Il compenso multimilionario di Andrea Orcel nel gruppo UniCredit ha riacceso le polemiche sugli emolumenti d’oro dei manager. Un tema che vede i fondi schierati sempre più spesso contro i vertici delle società, anche se restano in minoranza.
E’ giusto che il top manager di una banca guadagni in 12 mesi quanto ci impiegherebbe in ben 214 anni un lavoratore medio, se vivesse tanto a lungo? Andrea Orcel, il Ronaldo dei banchieri, ha strappato all’Unicredit un compenso annuo di 7,5 milioni di euro. Mentre, secondo le ultime rilevazioni di Odm consulting, società di Gi Group, nel 2020 la retribuzione annua lorda dei dipendenti italiani è stata di 35.362 euro: in dettaglio, 27.854 euro per gli operai, 33.443 per gli impiegati e 134.984 per i dirigenti. Numeri che, come sottolinea Miriam Quarti della Odm consulting, confermano «un congelamento dei valori retributivi medi per tutti i livelli di inquadramento». Siamo ancora nell’emergenza per la pandemia, intere categorie piangono miseria, un milione di italiani hanno perso il lavoro o sono finiti in una cassa integrazione di cui non si vede la fine, e c’è chi lassù, nelle torri d’avorio dei consigli di amministrazione, potrebbe comprarsi con il suo stipendio tre Ferrari al mese.

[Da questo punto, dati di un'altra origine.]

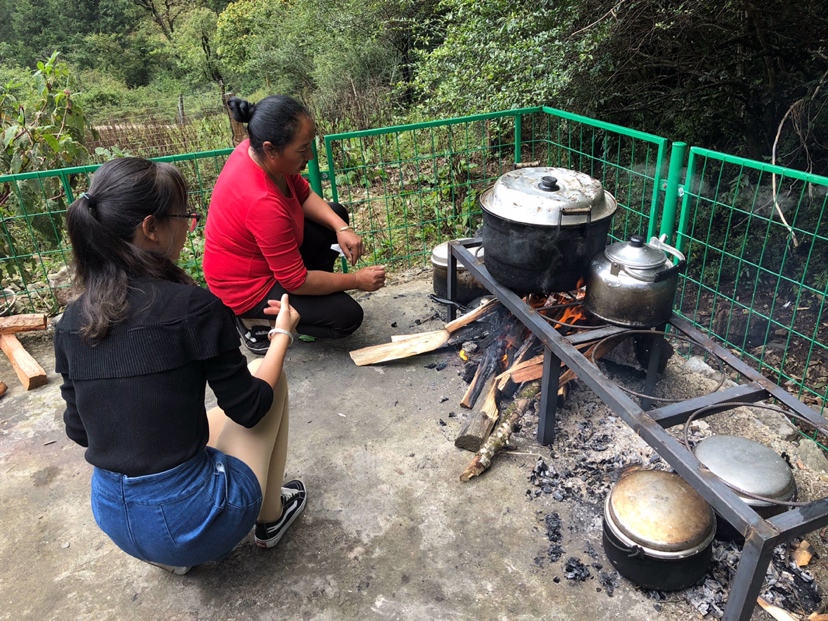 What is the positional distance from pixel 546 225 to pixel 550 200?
11cm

È comprensibile che emolumenti come quello di Orcel provochino polemiche e indignazione. Il suo superstipendio è nettamente più alto anche della media dei compensi degli amministratori delegati delle società quotate a Piazza Affari, che si aggira sugli 850 mila euro annui. E svetta perfino tra i banchieri europei: gli si avvicinano solo Christian Sewing della Deutsche Bank (7,4 milioni) e Ana Botìn del Santander (6,9 milioni). Anche gli investitori istituzionali non hanno digerito bene la retribuzione attribuita a Orcel e nell’assemblea degli azionisti del 15 aprile il 45 per cento dei soci presenti ha votato contro. Una percentuale molto elevata.
Ma attenzione, più che l’ammontare del compenso ha pesato la sua struttura: cioè che la parte variabile, 5 milioni (il doppio rispetto alla fissa), non sia legata nel primo anno a obiettivi di performance. E comunque la maggioranza degli azionisti dell’Unicredit ha accettato di sborsare una montagna di soldi per assumere un fuoriclasse che dovrà tirar fuori la banca dalle secche dove il precedente boss Jean Pierre Mustier l’ha fatta finire. Insomma, è facile scandalizzarsi davanti agli stipendi d’oro delle grandi aziende. Ma in realtà il tema delle retribuzioni dei top manager è complesso ed è da tempo al centro dell’attenzione degli investitori istituzionali, visto che in gioco ci sono i soldi dei loro clienti.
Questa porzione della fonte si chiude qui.